§ **Instructions for the task**
Within the lines below, the span from the line with "Woodpecker Dental LCD" to the line with "mares Шнорхел Mares", both ends included, is to be reproduced exactly, with pictures omitted.

§ **Dataset**
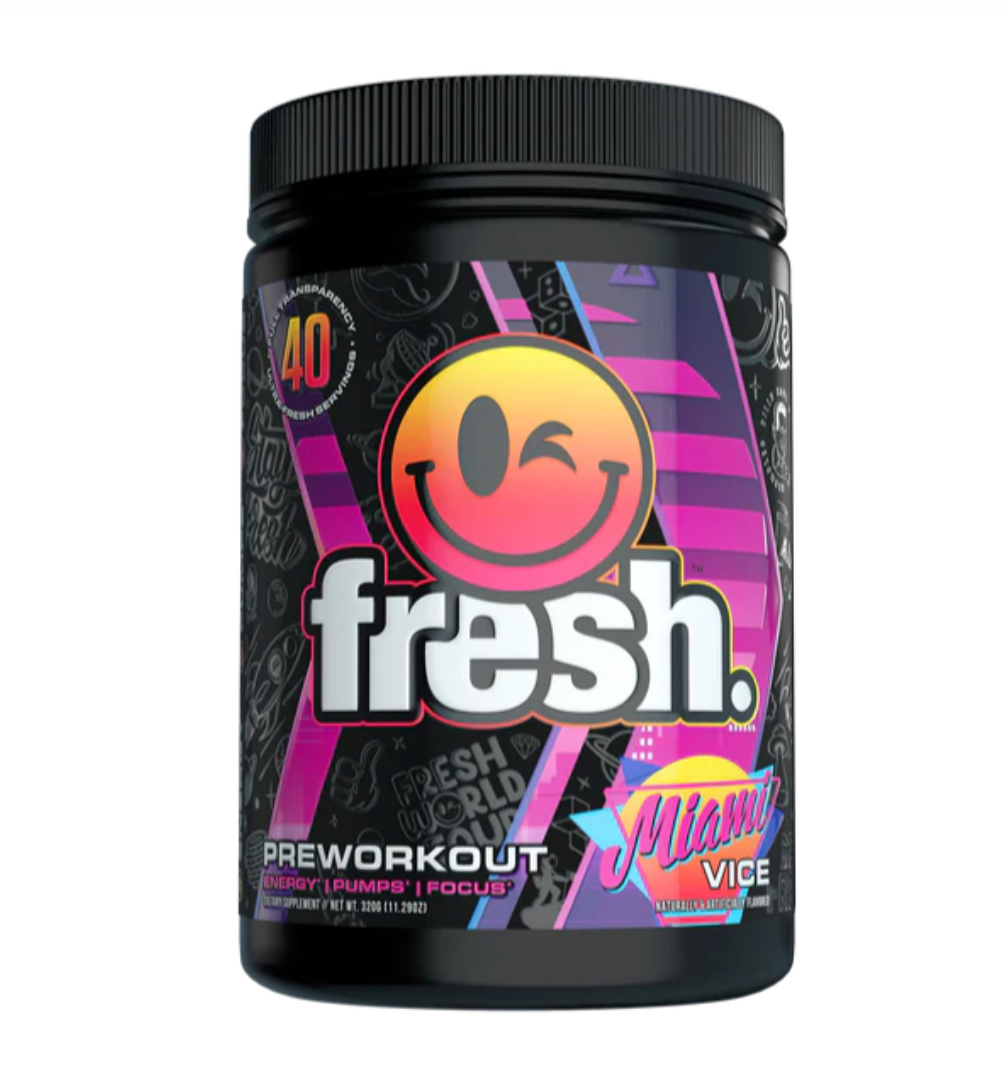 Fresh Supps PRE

---

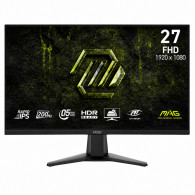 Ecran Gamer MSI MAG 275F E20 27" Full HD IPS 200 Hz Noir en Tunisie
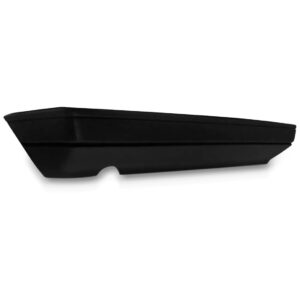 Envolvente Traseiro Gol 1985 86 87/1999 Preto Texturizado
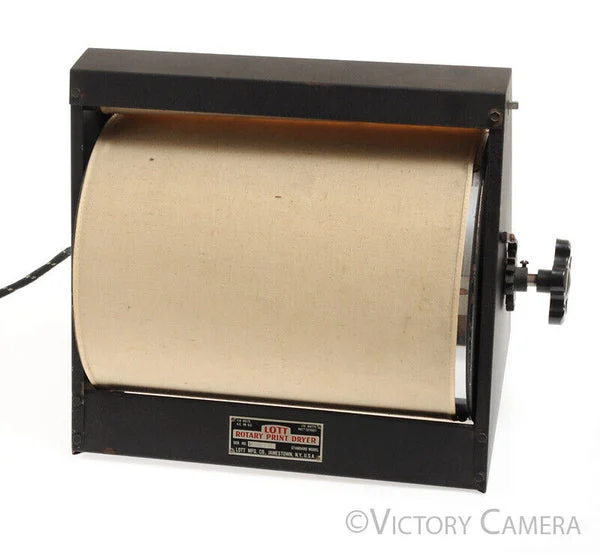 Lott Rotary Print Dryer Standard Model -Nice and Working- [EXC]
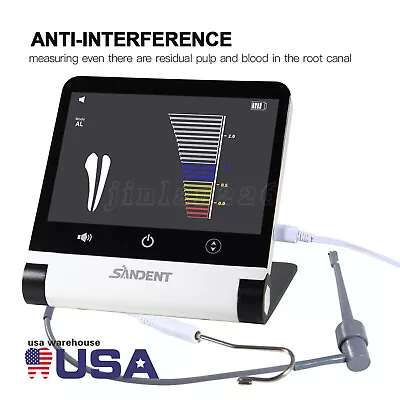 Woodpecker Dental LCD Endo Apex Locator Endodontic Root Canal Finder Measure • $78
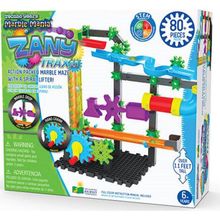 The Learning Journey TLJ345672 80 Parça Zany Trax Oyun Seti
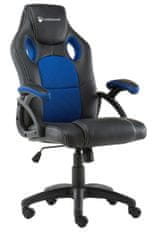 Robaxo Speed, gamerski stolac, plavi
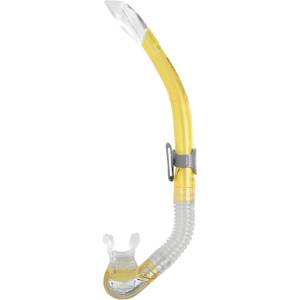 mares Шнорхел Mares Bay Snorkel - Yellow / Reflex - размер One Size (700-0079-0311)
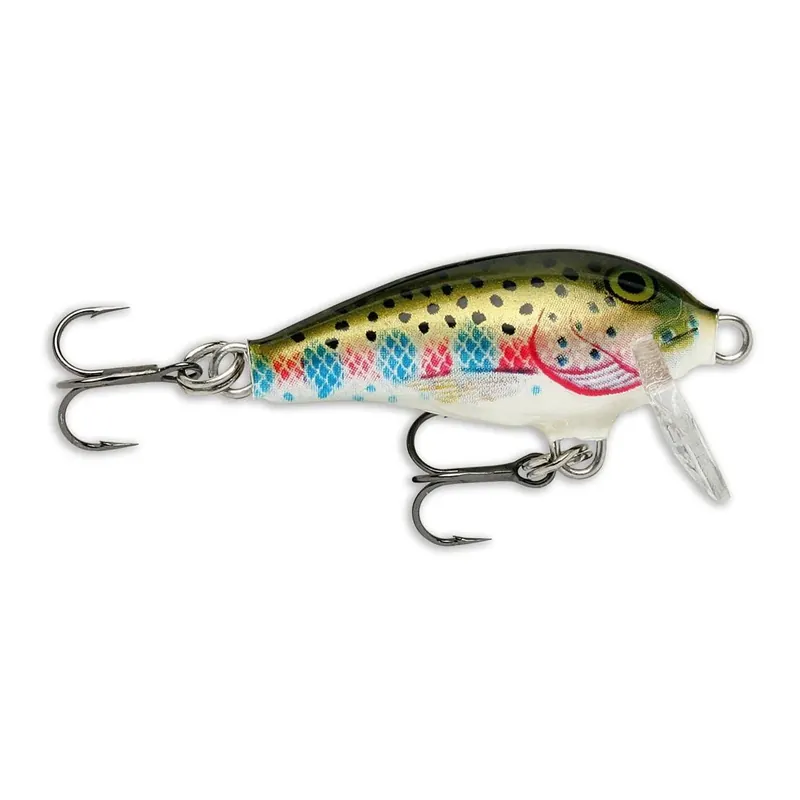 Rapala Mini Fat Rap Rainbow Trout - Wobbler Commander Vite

§ **Worked solution**
 Woodpecker Dental LCD Endo Apex Locator Endodontic Root Canal Finder Measure • $78
 The Learning Journey TLJ345672 80 Parça Zany Trax Oyun Seti
 Robaxo Speed, gamerski stolac, plavi
 mares Шнорхел Mares Bay Snorkel - Yellow / Reflex - размер One Size (700-0079-0311)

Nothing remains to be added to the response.